Q: Apotex is a company with a strong product portfolio. What new innovative medicines do you have in your pipeline?

A: We cover solid dosage and injectables to aerosols and biopharmaceuticals. Apotex has more than 600 products under development across all technology platforms. In Mexico, we have a strong pipeline focused on the central nervous system, cardiometabolic diseases and specialty products. The mission of Apotex in the country is to strengthen its growth through the commercialization of new, world class quality molecules.

Q: How will your experience in the US market help you to tap into Mexico’s biosimilar industry?

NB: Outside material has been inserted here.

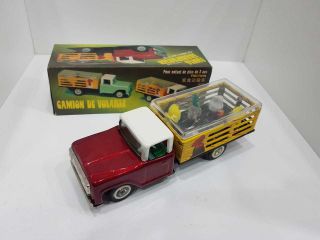 Farm Truck Vintage Tin Toy Made In China Lithografied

A: Apotex is a rising competitor in the global biosimilar market. In February 2015, the FDA approved Apotex’s Filgrastim. This is the second biologic product Apotex has submitted to the FDA via the abbreviated approval pathway created by the Biosimilar Price Competition and Innovation Act (BPCIA). Apotex also has a biosimilar application for the long-acting pegylated formulation of filgrastim under FDA review. Filgrastim is used for helping cancer patients under chemotherapy fight infections and fever by boosting white blood cell counts. The fact that biosimilars are set to boom in the US market in the next couple of years will help Mexico develop a substantial local industry. According to IMS Health, the Mexican biotechnology market is growing faster than other segments in the pharmaceutical industry and this trend will continue thanks to 12 biopharmaceutical complex molecules losing their patents in the upcoming years.

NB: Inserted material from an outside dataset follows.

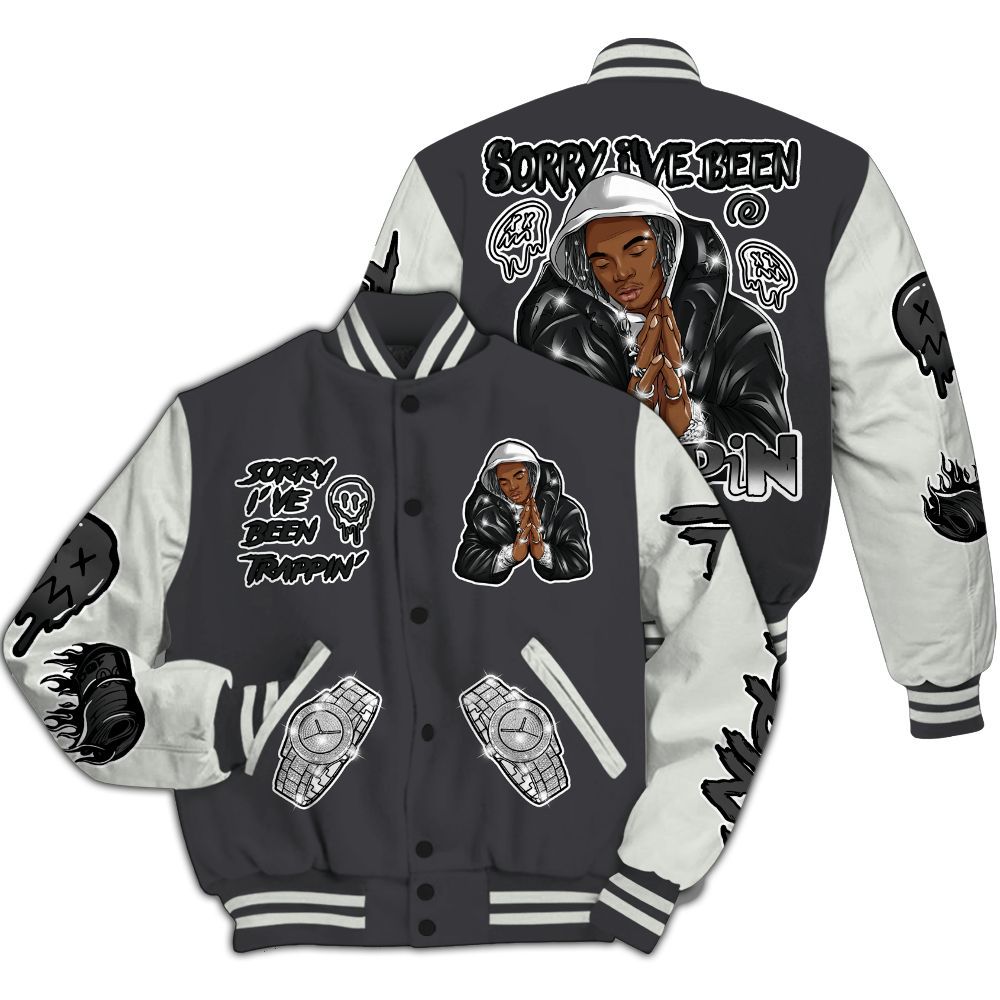 Varsity Jacket To Match Fear 4s - Trappin' Unique All Over Print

Biosimilars cannot be treated in the same way as small chemically synthesized generics since traditional safety standards, efficacy and quality are not suitable for proving that a particular biological medicine is a generic version of another. In Mexico the Ministry of Health and COFEPRIS published an amendment to the General Health Law in October 2011, aimed at establishing new provisions for the approval of biopharmaceuticals and biocomparables including approval requirements, prescription rules, the role of COFEPRIS in determining the scope of pre-clinical tests and trials and labelling requirements, all of which were aligned to European Medicines Agency (EMA) regulations. We believe there are clear rules and regulations for these products in Mexico now and we are planning to start the application process for biocomparables soon.

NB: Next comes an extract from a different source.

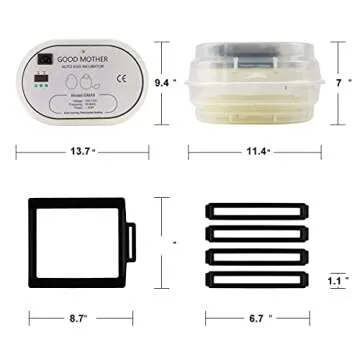 GOOD MOTHER Digital Fully Automatic Egg Incubator 9-12 Chicken Eggs [Fahrenheit] Poultry Hatcher for Chickens Ducks Goose Birds Quail Eggs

Q: Do you anticipate the Trans Pacific Partnership (TPP) having a discernable impact on the local biosimilar industry?

A: A paragraph addressing unreasonable shortenings and delays was incorporated in TPP provisions and although the obligation is in the text, Mexico might not be in the position to grant the extension of the patent term. The country has already granted five years of data protection for new chemical entities, including combination products, and it was possible to exempt Mexico from granting data protection for new uses as it provides data protection for combinations. Eight years were granted for products consisting of or containing proteins obtained through biotechnology processes, or five years’ data protection for biologics with the potential to extend market exclusivity. Ensuring intellectual property protection for medicines has expanded the population’s access to innovative medicines in Mexico, which has resulted in increased life expectancy and quality, reduced hospitalization and boosted savings for Mexican households.